Saturday, December 26, 2015

A RATHER STRANGE...

... Christmas. The only contact we had with family was via iPhone, Skype, and Face Time! Which, this time, should be considered treasured gifts. We spoke with my younger son, Jason, in frigid Iowa, on the telephone. He fares well, with his beloved guitars--a wall of them--his carefully appointed house, his art collection, and his dog Louis.  We had a lovely Skype session, connecting in the warm South of France with my older son, Matthew, along with his wife, Diane, and their three children, Alice, Georgia and Joe. They are spending the holidays at the home of Diane's parents, Helena and Leslie, and we managed to spend a few moments with Leslie, too. Our daughter, Sarah, Face Time'd (a verb?) us from Washington D.C., where she and (now 4-year old!) Luka are staying at the Georgetown home of Sarah's friend, Tim's parents, David and Chloe, and having the best of times. A stream of images arrived from them in the course of Christmas Day...

So, yes, a wonderful family.  We loved hearing from them all, but could not help feeling sad that we are all so far distant from each other.  We're more than grateful for the electronic contact, but it's not the same as sitting around a table.  Come August this year, we plan to do this--sit together, as many of us as possible--around a table, to celebrate the Very Big Birthday I'm anticipating then.

Also strange, because no family, to go to the movies on Christmas Day. Though, it seems, not so strange, because we never saw so many people at the multiplex we frequent. What were they all doing there? What were we doing there? The line was so long at the box office that most of us, ourselves included, missed the start of the movie they had come to see and had to choose another. I ended up googling, as we stood in line, and buying tickets online instead of waiting for the box office. Then we had to stand in a second line to pick up the tickets I had managed to buy on my telephone.
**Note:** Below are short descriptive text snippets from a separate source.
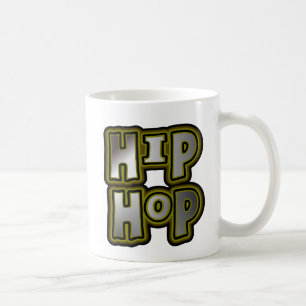 Mug Grand graffiti de hip hop multicolore, effets en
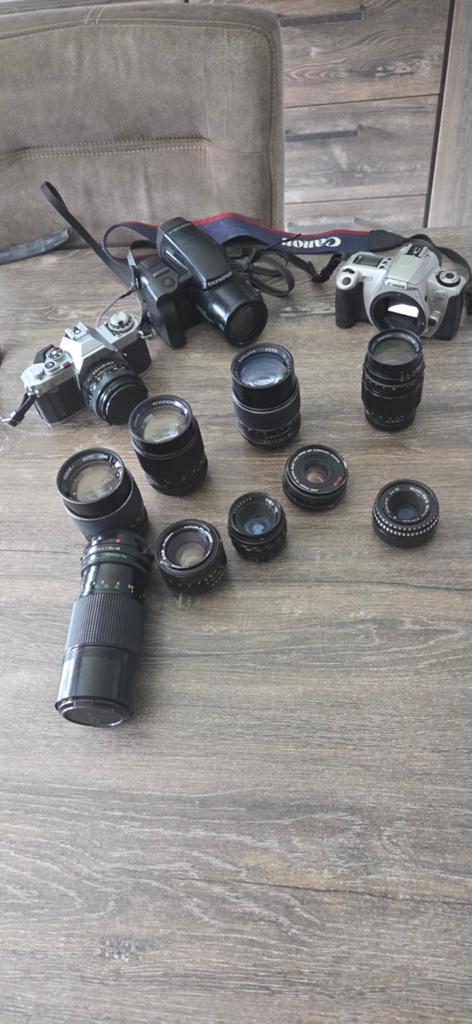 Camera's en lenzen., Audio, Tv en Foto, Fotografie | Lenzen en Objectieven, Ophalen of Verzenden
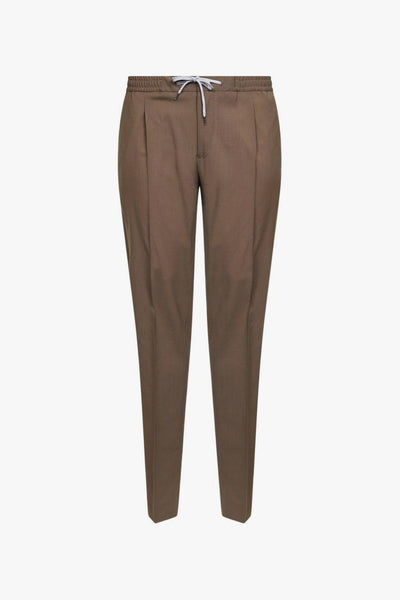 Pantalone Soft Uomo Nocciola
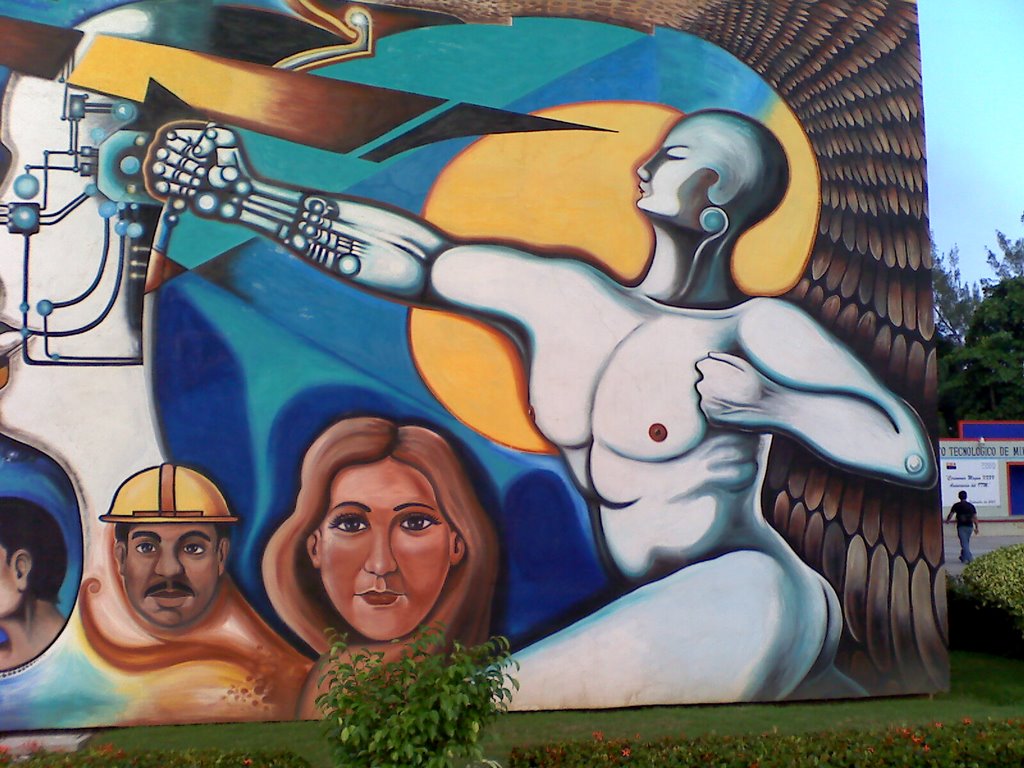 Mural del tec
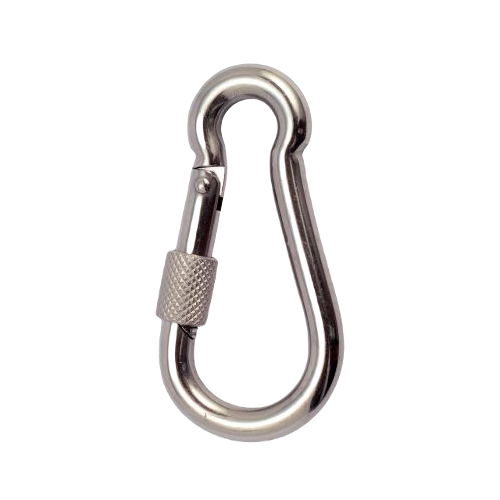 Spring Hook With Safety Nut Cables Chains Hardware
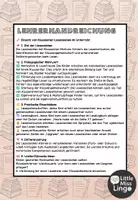 Vorschau - Anderer Materialtyp - Lamaklasse - Lesezeichen - Seite 1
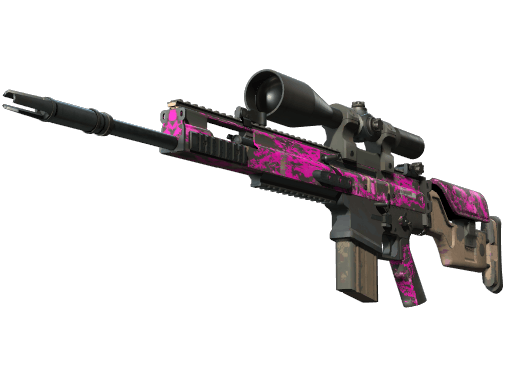 SCAR-20 | Splash Jam - Field-Tested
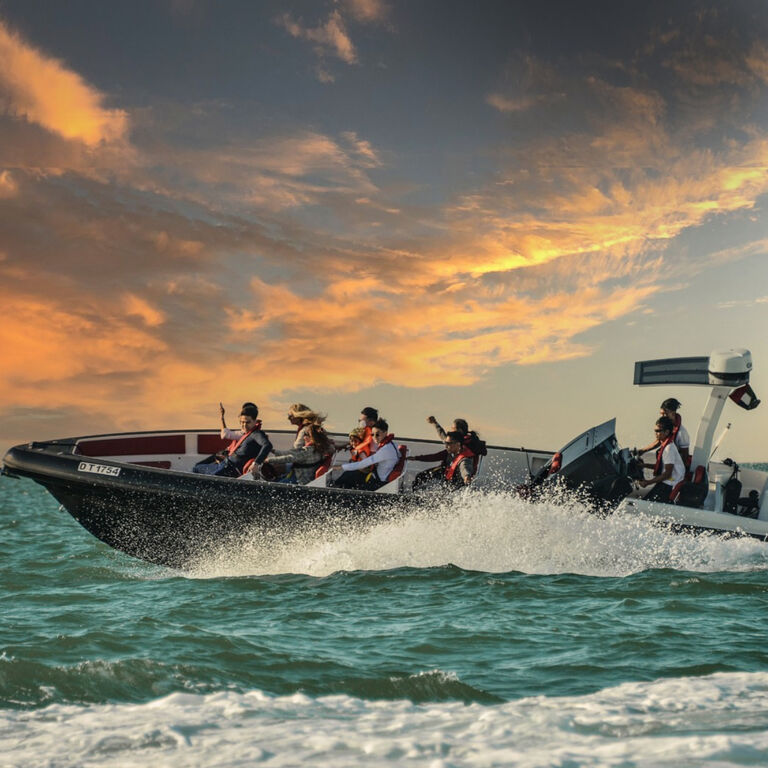 The Black Boats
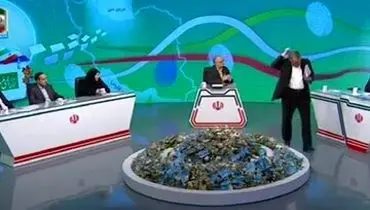 حرفی که اسفندیاری به فاضلی زد و باعث عصبانیتش شد، چه بود؟+ فیلم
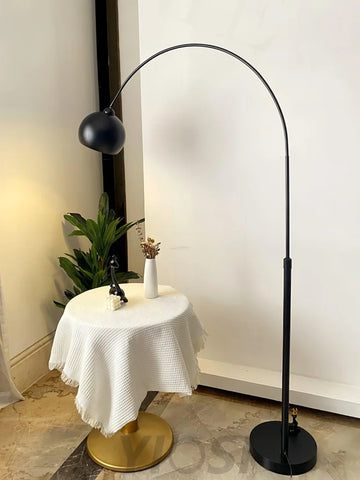 Angle Floor Lamp ∅ 43.3″ - Bent-1-Yiosilamp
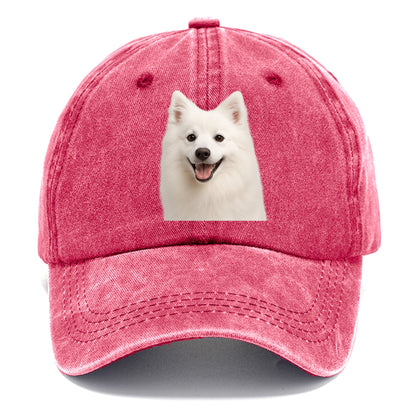 american eskimo portrait design Hat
As John Lennon said in song I love, "Strange days, indeed."

Our second choice turned out to be truly terrific movie: The Danish Girl is the story of a delightful couple--painters, both--confronted with the man's slow and painful acknowledgement that he is, in fact, a woman.  Their journey, from light-hearted pretense to mutual agony, is told with slow deliberation, in images as carefully constructed and as affecting as the paintings they both make... But this is not a film review. It's just to say, don't miss this one. You'll end up in tears, but of the good kind.

A bowl of soup and a piece of toasted bagel for Christmas dinner. We even forgot to light the fire in the fireplace. We wish to all our fellow human beings as many blessings as we have ourselves.